(ASSIGNMENT) Copy out every record exactly.

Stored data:
- - - - -

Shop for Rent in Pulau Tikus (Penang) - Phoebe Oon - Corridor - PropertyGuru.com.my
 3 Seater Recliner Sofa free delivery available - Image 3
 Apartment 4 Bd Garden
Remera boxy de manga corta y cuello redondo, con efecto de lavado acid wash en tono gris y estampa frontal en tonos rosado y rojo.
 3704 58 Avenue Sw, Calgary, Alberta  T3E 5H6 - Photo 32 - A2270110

- - - - -

(ANSWER BOX)
Shop for Rent in Pulau Tikus (Penang) - Phoebe Oon - Corridor - PropertyGuru.com.my
 3 Seater Recliner Sofa free delivery available - Image 3
 Apartment 4 Bd Garden
Remera boxy de manga corta y cuello redondo, con efecto de lavado acid wash en tono gris y estampa frontal en tonos rosado y rojo.
 3704 58 Avenue Sw, Calgary, Alberta  T3E 5H6 - Photo 32 - A2270110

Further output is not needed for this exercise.